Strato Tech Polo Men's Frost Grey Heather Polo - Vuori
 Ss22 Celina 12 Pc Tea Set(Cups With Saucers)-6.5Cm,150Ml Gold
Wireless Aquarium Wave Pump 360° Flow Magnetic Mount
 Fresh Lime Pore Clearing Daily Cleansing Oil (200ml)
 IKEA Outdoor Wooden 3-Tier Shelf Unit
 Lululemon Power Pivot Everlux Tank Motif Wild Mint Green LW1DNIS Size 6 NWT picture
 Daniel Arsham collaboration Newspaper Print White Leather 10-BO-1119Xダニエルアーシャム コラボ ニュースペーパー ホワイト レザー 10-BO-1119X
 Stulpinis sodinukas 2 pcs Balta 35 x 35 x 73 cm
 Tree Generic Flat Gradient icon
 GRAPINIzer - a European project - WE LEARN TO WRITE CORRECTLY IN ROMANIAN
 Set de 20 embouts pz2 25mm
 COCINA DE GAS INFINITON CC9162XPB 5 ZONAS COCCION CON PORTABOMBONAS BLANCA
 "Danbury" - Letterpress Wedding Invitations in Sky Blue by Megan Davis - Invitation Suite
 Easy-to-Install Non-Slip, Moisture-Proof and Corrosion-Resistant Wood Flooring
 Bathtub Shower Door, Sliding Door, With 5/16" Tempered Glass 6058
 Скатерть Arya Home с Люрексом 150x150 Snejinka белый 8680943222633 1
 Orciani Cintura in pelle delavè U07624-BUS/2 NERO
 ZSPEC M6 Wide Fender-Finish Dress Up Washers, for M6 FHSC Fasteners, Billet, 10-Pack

TASK OBJECTIVE
Go through the listing above. Show each line where the word "With" is found.

EXERCISE SOLUTION
 Ss22 Celina 12 Pc Tea Set(Cups With Saucers)-6.5Cm,150Ml Gold
 Bathtub Shower Door, Sliding Door, With 5/16" Tempered Glass 6058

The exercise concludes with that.